When I first read about the idea, other than being struck by its simplicity and suited-ness for my gym-less status en route across ‘Merica, I liked the monumental feel to that number. 10,000 is a lot of anything. It’s something that can’t just be stuffed in that black hole of instant-gratification, even if a month is just a flash in the pan of life. It’s also a number to respect, a number that humbles and grounds you--try handing someone $10k cash sometime--and a number that gives perspective about what it is to challenge yourself. And it’s a nice counterpoint to the more instinctive, park-bench workouts I do most of the year (its own blog topic).  Honestly, the sheer repetition became  meditative, too, and it allowed me the chance to become intimate with the tiny details of the movement, without being too conscious.

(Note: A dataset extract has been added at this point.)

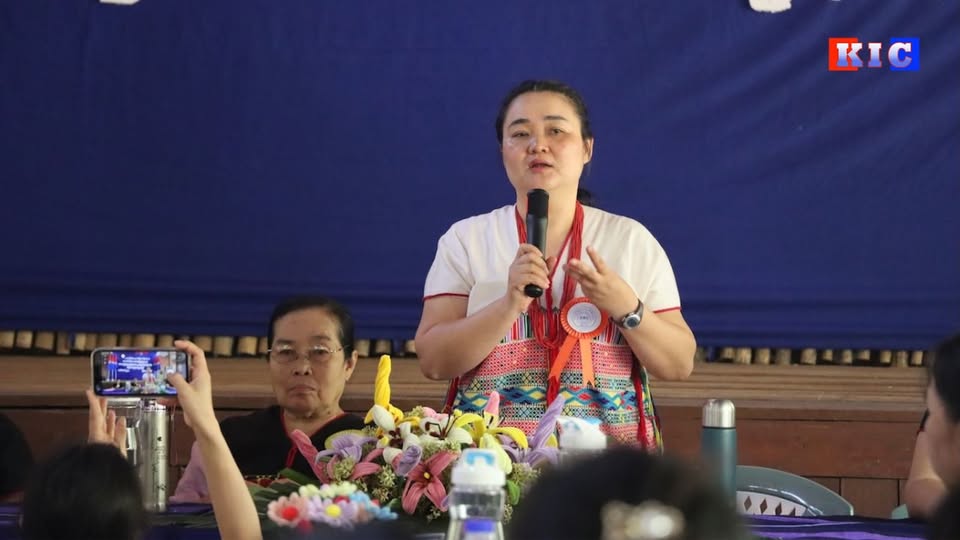 bnionline1's tweet image. KWO demands ICC investigate Myanmar junta for "calculated assault" of brutal airstrikes on civilians &amp;amp; infrastructure during Thingyan. Horrific killings reported. #Myanmar #ICC #WarCrimes
bnionline.net/en/news/kwo-ca…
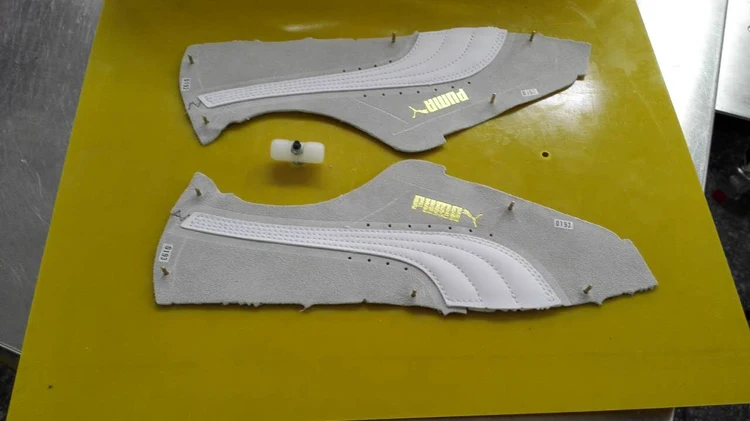 Computerized lockstitch logo pattern sewing machine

If anyone wants more information, or guidance to attack your own challenge, please be in touch. It doesn’t need to be 10,000, and it doesn’t even need to be swings. But it needs to be simple, focused, balanced, and realistic, with just a little brutality thrown in for hair-on-your-non-gender-specific-chest reasons. And it definitely needs to be programmed appropriately in terms of your normal activity.

Lastly, the idea of returning to training normalcy feels just right. For me, that will mean a very loose monthly plan of movements that are not a hinge (like the swings), focusing on strength and power, but with wiggle room for whatever might come up. In a word, back to the park-bench for me!